House Status:
Senate Status:
Senate Status:
Minutes for SB22 - Committee on Senate Select Committee on Federal Tax Code Implementation
Short Title
Kansas itemized deductions, election, providing for deferred foreign income, global intangible low-taxed income, business interest, capital contributions and FDIC premiums income tax modifications.
Minutes Content for Tue, Jan 29, 2019
Chairperson Wagle opened the hearing on SB 22. Adam Siebers provided an overview of the bill.
Eric Stafford, Kansas Chamber of Commerce, testified in support of the bill. Passage of the federal Tax Cuts and Jobs Act (TCJA) will result in a tax increase on individuals and corporations in Kansas unless the State takes action. The timing for passing this bill is important due to filing deadlines. Mr. Stafford included a proposed amendment in his testimony. (Attachment 1)
Scott Roberti, Ernst and Young, spoke as a proponent of the bill and provided a brief overview of the Ernst and Young presentation. (Attachment 2)
Brian Liesmann, Ernst and Young, provided an overview of the Kansas tax structure as it is today including tax base construction, taxation of corporate dividend income and apportionment methods. Mr. Liesmann responded to questions from Committee members.
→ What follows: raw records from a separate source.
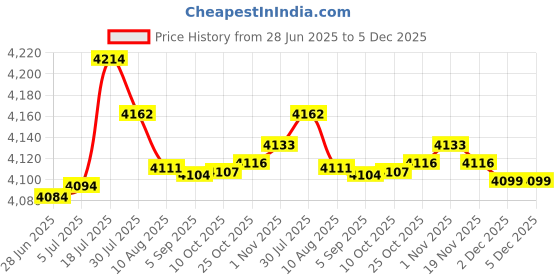 amazon.in bnf® Yogurt Maker Household Multifunctional Natto Maker Stainless Steel Inner Pot|Home & Garden | Yogurt Makers|1 Yogurt Maker (UK Plug) Price History Graph from 28 Jun 2025 to 5 Dec 2025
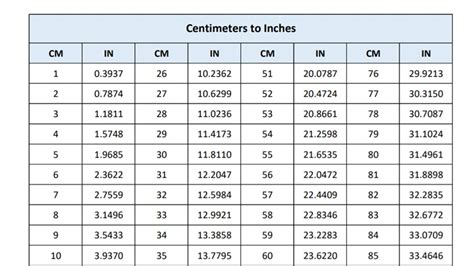 35cm into inches|Centimeters to Inches Conversion Calculator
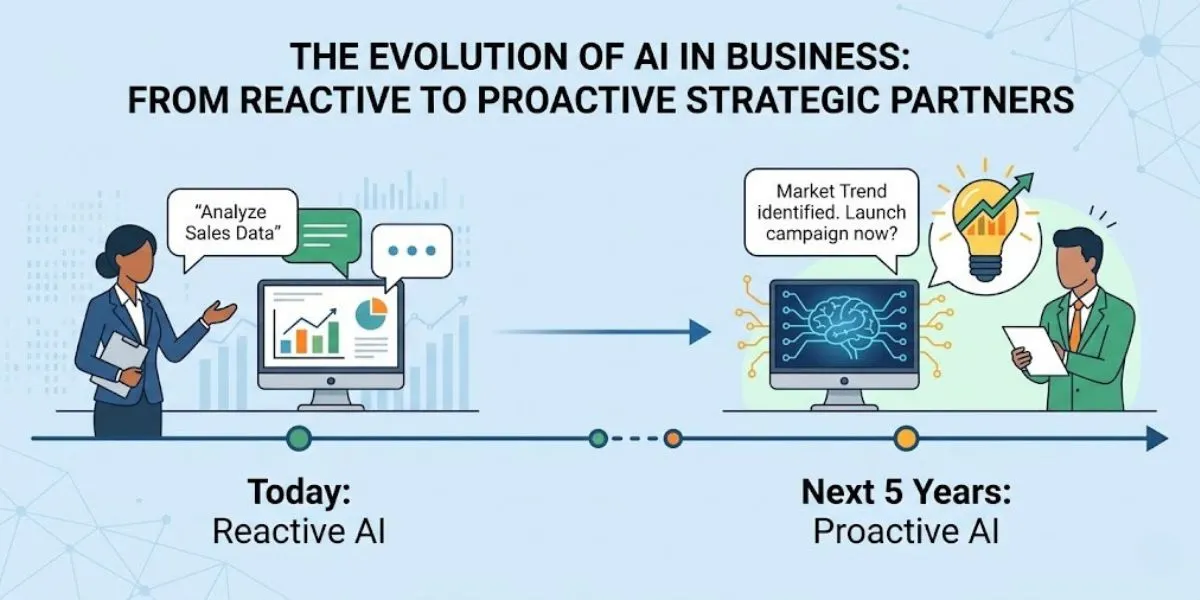 An infographic timeline showing the future of artificial intelligence for business, evolving from today's reactive tools to tomorrow's proactive strategic partners.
Scott Roberti continued with a discussion of the key TCJA provisions for multinational corporations. Congress determined that lowering the corporate rate and moving to a territorial system would generate economic growth, which is hindered by the current noncompetitive tax code. The TCJA was designed to favor U.S. employment and investment, however states are not permitted to favor domestic commerce over foreign commerce. Their analysis indicated that if states do nothing companies would, on average, see a 12 percent tax increase. Some states have decoupled and others have reduced rates in response to the TCJA. Mr. Roberti responded to questions from Committee members.
Chairperson Wagle continued the hearing on SB 22.
Chairperson Wagle adjourned the meeting 10:26 am. The next meeting will be January 30, 2019.